Earlier this year, HSBC and Royal Bank of Scotland in Saudi Arabia reached an initial agreement on the terms of a possible merger. In July, National Bank of Oman and Bank Dhofar said their boards had agreed to discuss a potential merger – which would create $20bn in combined assets and be the second-largest financial institution in the country, EFG Hermes said in a report in August.

Moody’s Investor Services maintained a negative outlook on Oman's banking system in a separate report last week, but said its economy is set to rebound this year and capital will remain sound, “providing loss absorbency”.

Islamic banking in particular has considerable potential for further growth in Oman, given its recent introduction and low penetration compared with other GCC countries and the country’s almost entirely Muslim population, according to Moody’s report on the OAB and Alizz merger talks.

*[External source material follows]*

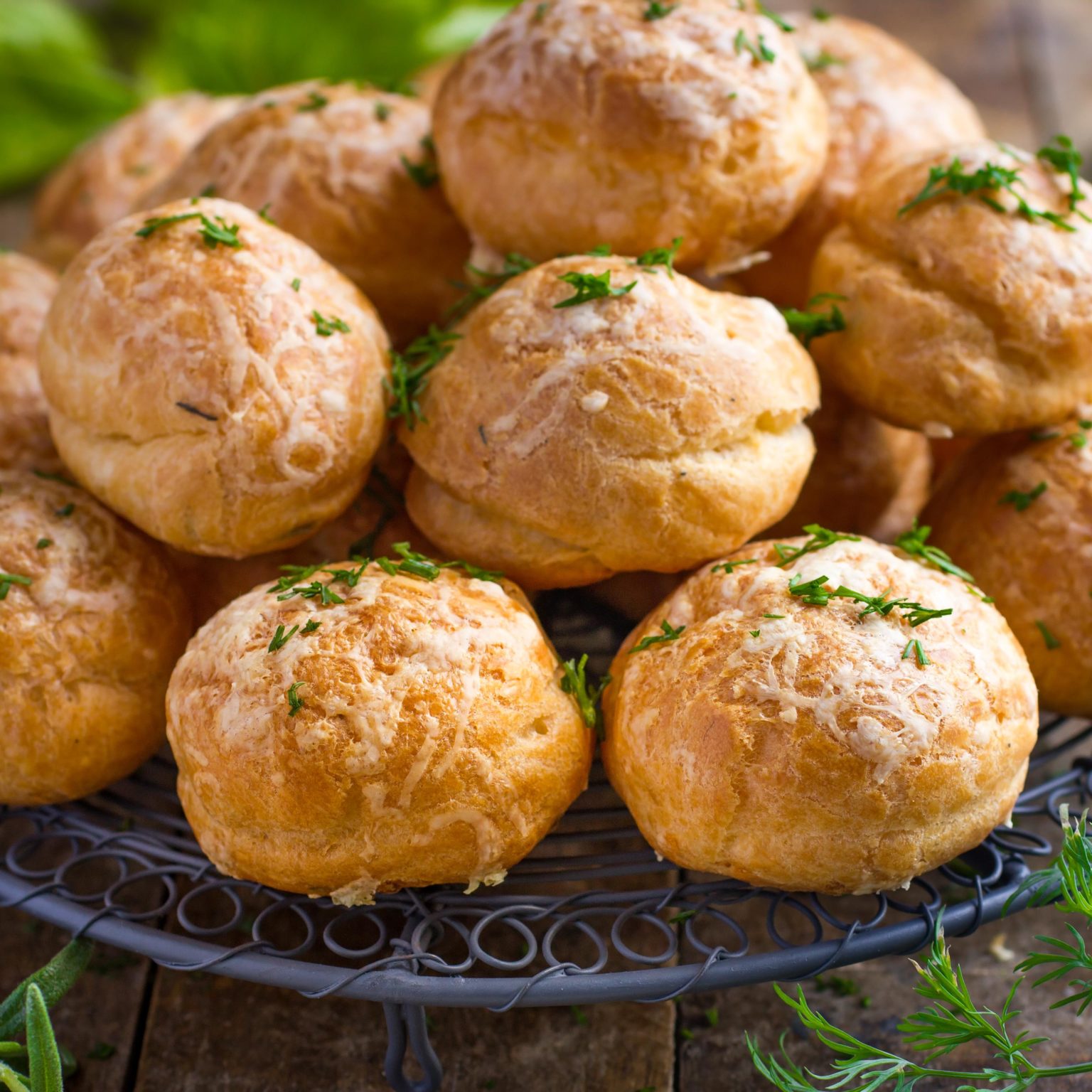 Gougères_ATable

“The banks agreed that Alizz would continue to operate as a dedicated Islamic banking franchise with management autonomy, which would help preserve Alizz’s customer relationships,” the report said.

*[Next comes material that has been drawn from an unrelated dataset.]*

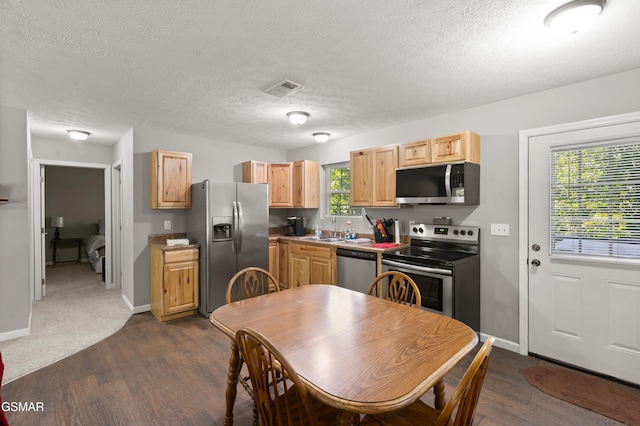 723 Catherine Crisp Dr, Kodak, TN 37764 - photo 6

The report estimated that the combined entity would have total assets (both conventional and Islamic) of around $7.6bn as of June 2018, a 9 per cent share of the Omani banking system.

OAB currently has a 7 per cent market share in terms of total assets and is larger than Alizz, which has a 2 per cent share, according to Moody’s. However, Alizz has a larger share of the Islamic assets market at 15 per cent as of the end of 2017, compared with 2 per cent for OAB.